_Exercise data_
▼
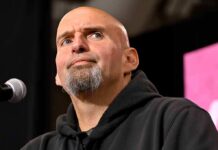 bald man with goatee speaking at a microphone
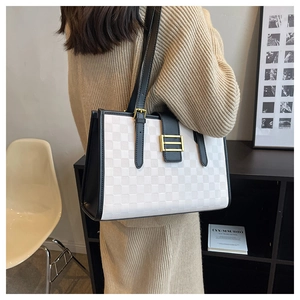 Detail view of large checkered tote bag with gold buckle hardware on a female model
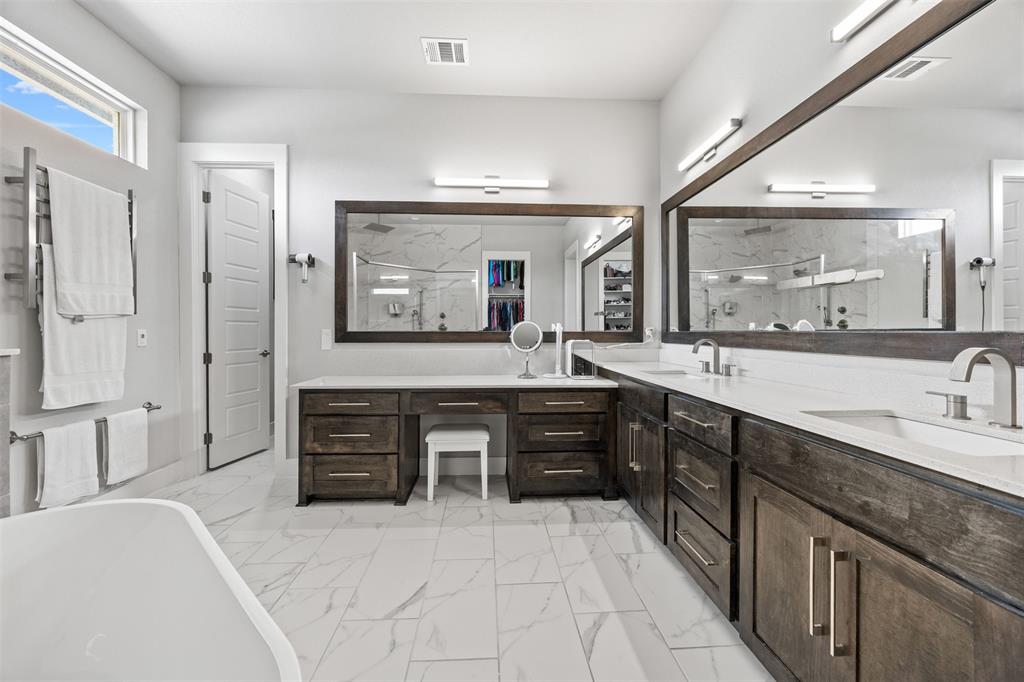 1730 Lone Elm Road Waxahachie, TX 75167 - Photo 27 of 40 a spacious bathroom with a granite countertop sink mirror and a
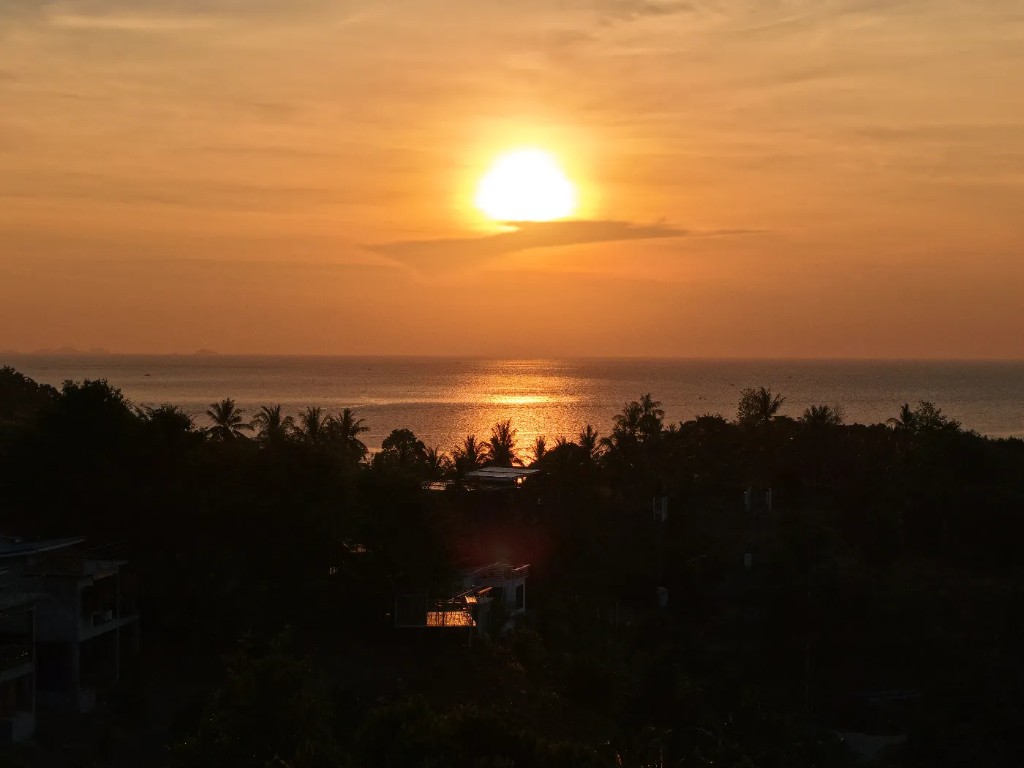 Dramatic orange sunset over Haad Salad bay from drone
▲
_Brief_
Repeat the listing above word for word. Do not include the pictures.

_Completed exercise_
 bald man with goatee speaking at a microphone
 Detail view of large checkered tote bag with gold buckle hardware on a female model
 1730 Lone Elm Road Waxahachie, TX 75167 - Photo 27 of 40 a spacious bathroom with a granite countertop sink mirror and a
 Dramatic orange sunset over Haad Salad bay from drone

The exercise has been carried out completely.